Recently, while trying to get market feedback, we started trending on Reddit's channel, InternetisBeautiful (https://www.reddit.com/r/InternetIsBeautiful/)
We managed to archive:
137K total views
407 shares
537 upvotes
It gave us a mental boost to know that people are ready for the service and want it. Now we are working day and night to make a platform that educates travelers about ways to travel more affordably with a simple solution of hotel price monitoring for free.
MVP is already running https://rebookify.com/, and people have very simple steps to use it:
Our current challenges:
a) Technical: The same hotel has different room names on different OTAs like Booking and Agoda. It is a relatively rare case, but we are trying to solve it. Any advice?
b) Users: This product is more related to educating users about the existence of a problem; perhaps anyone has ideas and recommendations on how to market a service like this?
We are doing our absolute best to get early adopters, and I thought that Indie Hackers would be a perfect place for that. If anyone has some advice, I would be more than grateful for it. Thank you!
Maybe you've already thought of this, but do users need to know that hotels reduce prices after you book. I think all that they would care about is that if they use your service their room will be cheaper. I would guess people don't care about the how.
Thanks for the comment.
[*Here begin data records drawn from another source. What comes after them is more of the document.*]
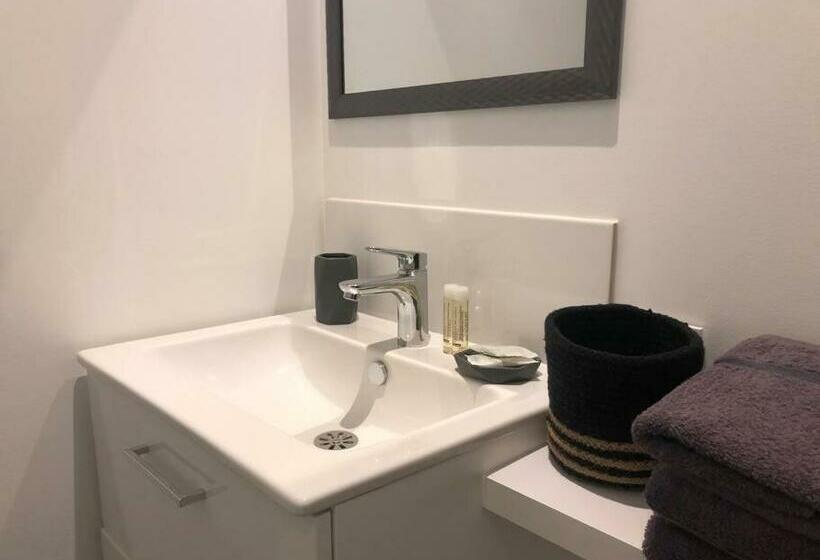 Le Rocher Appart Hôtel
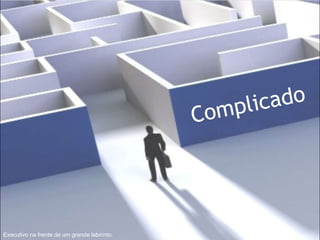 Complicado Executivo na frente de um grande labirinto. 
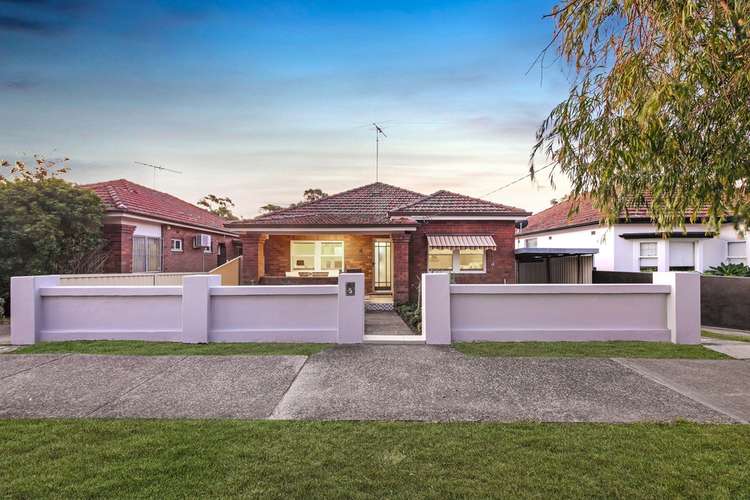 Main view of Homely house listing, 5 Kingsgrove Avenue, Kingsgrove NSW 2208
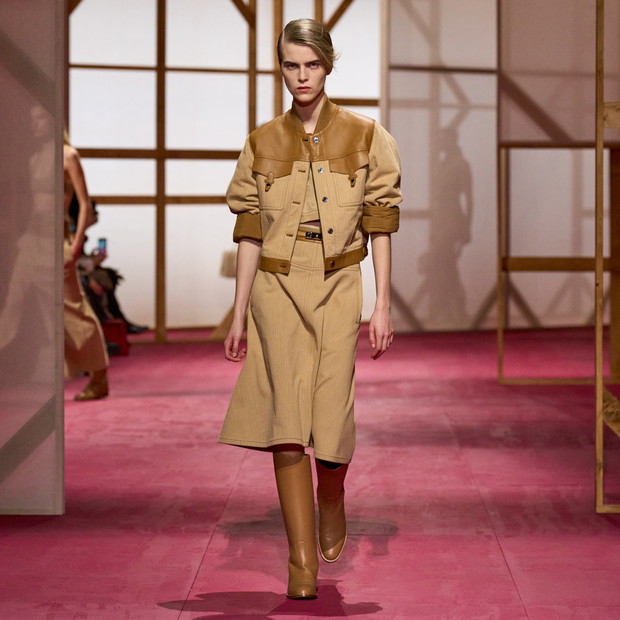 Hermès SS25: uwodzicielska użytkowość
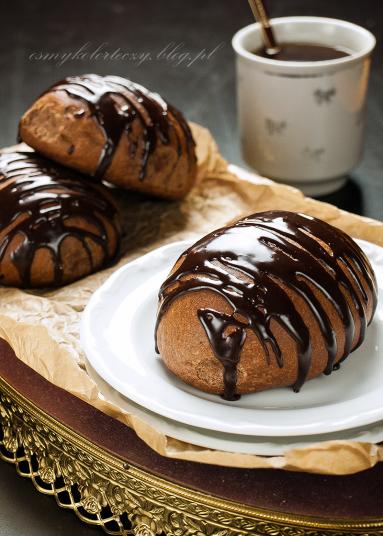 Zdjęcie - Kakaowe drożdżówki z bananem, czekoladą i masłem orzechowym. - Przepisy kulinarne ze zdjęciami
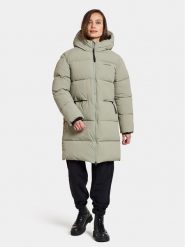 Didriksons Płaszcz zimowy Nomi Wns Parka 3 504832 Zielony Regular Fit. Zielone parki damskie Didriksons, na zimę, z syntetyku, bez kaptura. Za 1,019.00 zł.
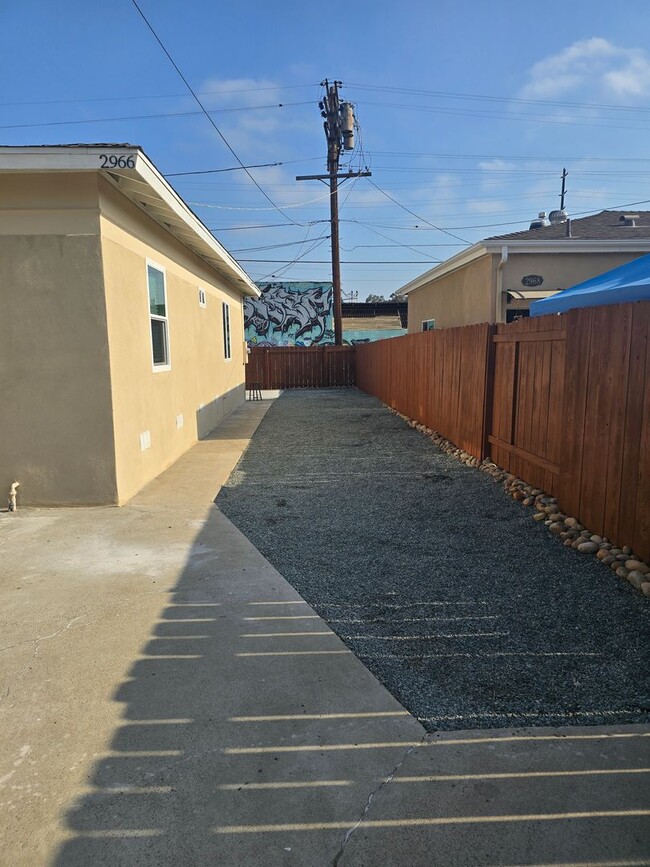 Building Photo - Large 2 bed 1 Bath House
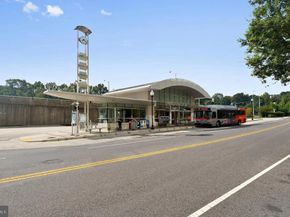 4551 Strutfield Lane 4122, Alexandria VA 22311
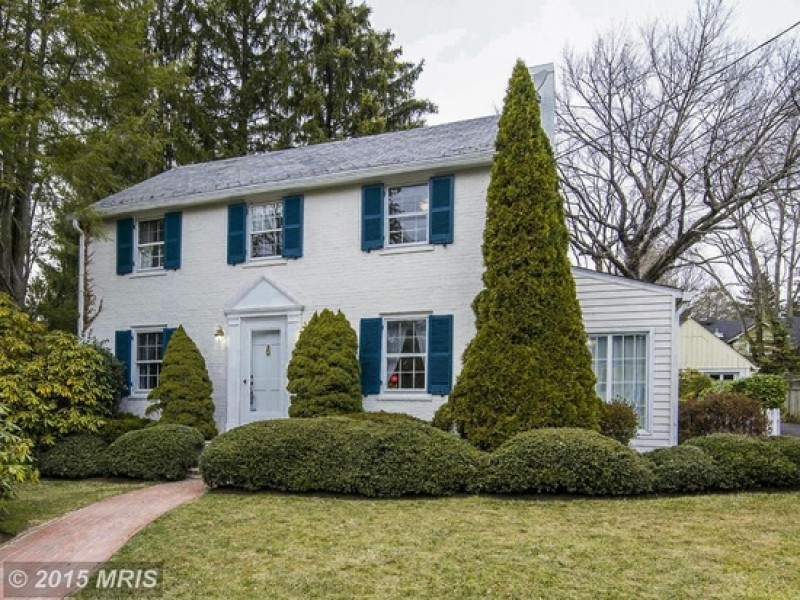 Hereâs a list of some of the latest homes for sale in the area ...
Down the line, we will implement an option to rebook the room automatically. So far, it works as a notification system, so users have to be aware of the process as they are part of it
It's a good landing page.
"different room names" - you'd probably need to think more technically on what a room actually is from the customer perspective like number of beds, balcony/view, but also consider your likely audience is price sensitive, they probably don't care about expensive room types/amenities unless it's like a cruise or Disney parks...
Or more simply the customer probably doesn't care if it's a different room type if they get the same numbers of guests in. (You can also specifically indicate the room type might be slightly different and let them decide, giving more alerts would be better for your business than less if it's not exaggerated)
I'm not sure it's now a known problem, it's just that most people don't value it highly, you should focus on ppl in the price saving niches, compare sites, coupons ect rather than the full market or anyone booking hotels. (A secretary booking for a work event doesn't care to redo her work. People who value time wouldn't care. People who frequent book won't as much)
People who look at "what time of year is it cheaper to book hotels" or "when is the best price booking last minute or 3 months ahead", these guys are your target
Thanks for the comment, and I am glad that you like the landing page!
The first point is interesting; as for now, we work with identical rooms, but we could implement a 20% difference allowance so customers can decide whether the lower price for a different room makes sense in case the deal is amazing.
Regarding the problem, that's a fair point. We have to identify ICP very clearly to push it forward in the right marketing direction. Do you have any ideas on where and how to market it for price-saving niches?